▶ [AIM OF THE EXERCISE] In the records below, find the line containing "L݆ LR5305-2RS, p򣬃ɂܷ", then copy that line and all lines after it, exactly, omitting every picture.

▶ [MATERIALS PROVIDED]
# # # #
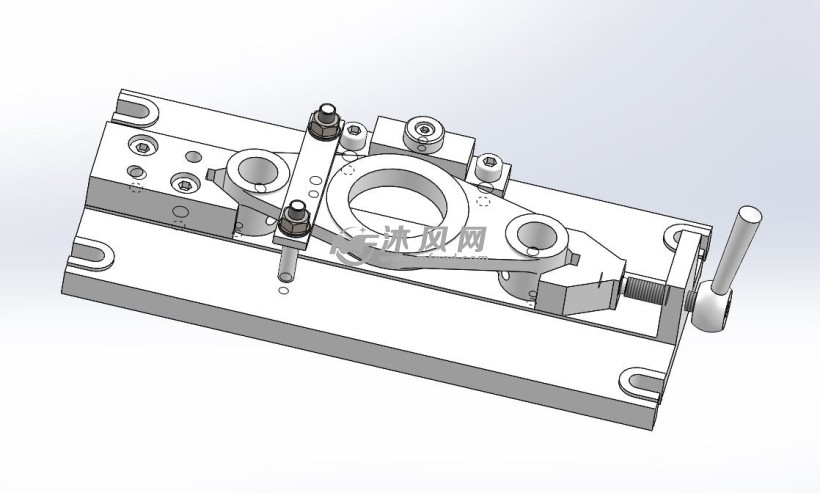 拨叉铣ф32圆柱上端面夹具设计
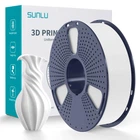 Швидкісний PLA-пластик Філамент Sunlu PLA High-Speed White для 3D-принтера - 1Кг, 1.75mm з Котушкою / до 600 мм/с
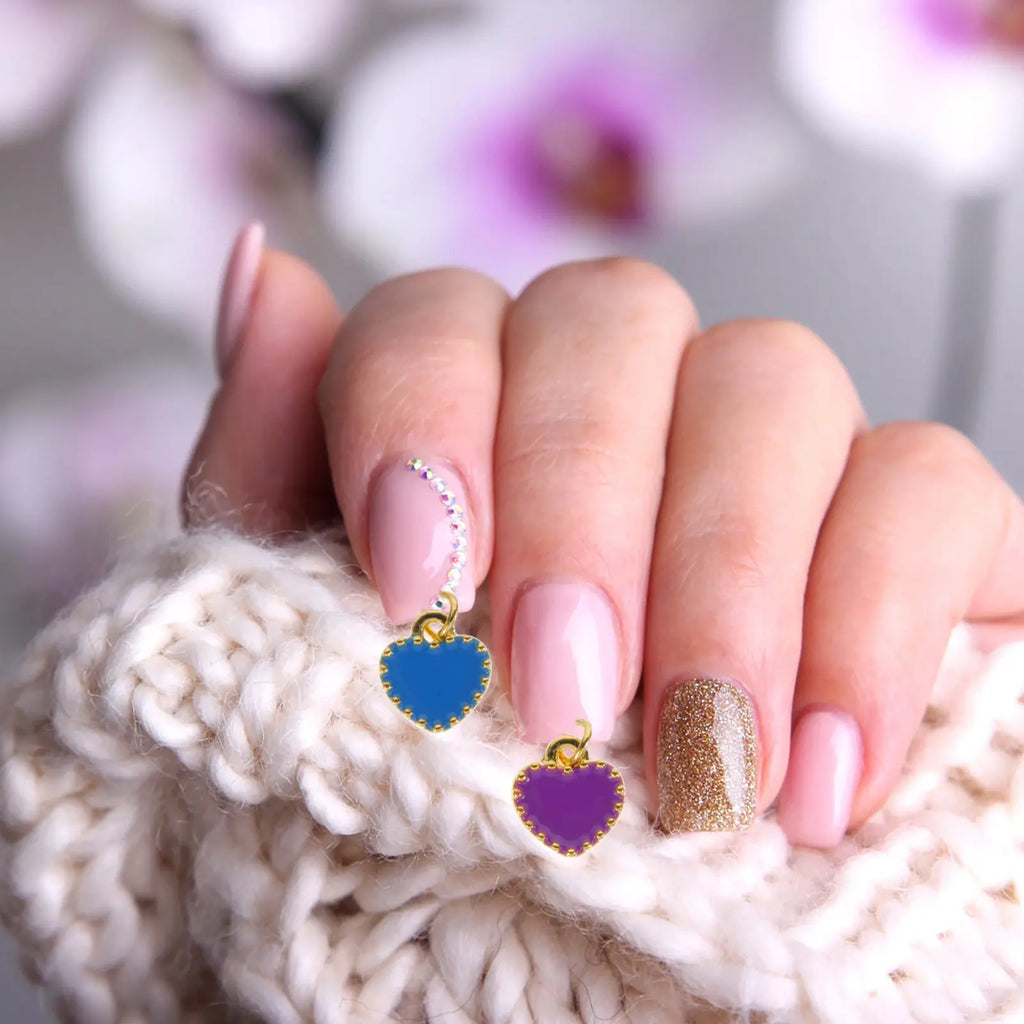 Zodiac Alloy Nail Art Charms Set | DIY Manicure Pendants Nail Art Charms QXL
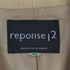 reponse 2 アンゴラ ロングコート レディース 9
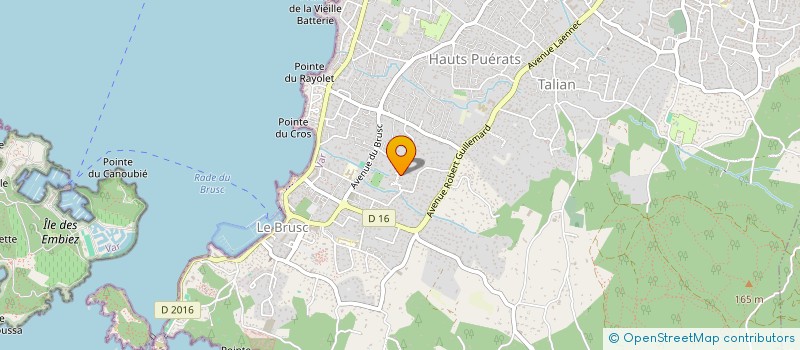 localisation de l'entreprise NFJS à SIX-FOURS-LES-PLAGES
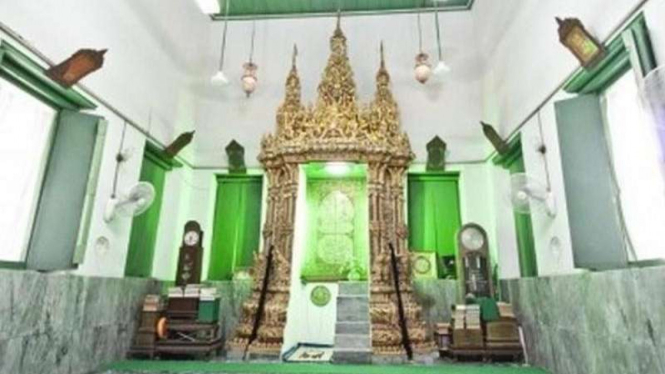 Masjid Bangluang, Bangkok, Thailand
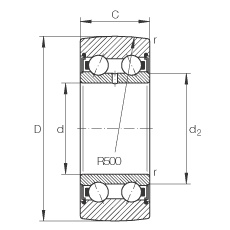 L݆ LR5305-2RS, p򣬃ɂܷ
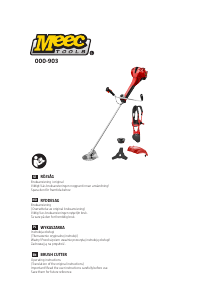 Handleiding Meec Tools 000-903 Grastrimmer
# # # #
▶ [ANSWER FOR THIS EXERCISE]
 L݆ LR5305-2RS, p򣬃ɂܷ
 Handleiding Meec Tools 000-903 Grastrimmer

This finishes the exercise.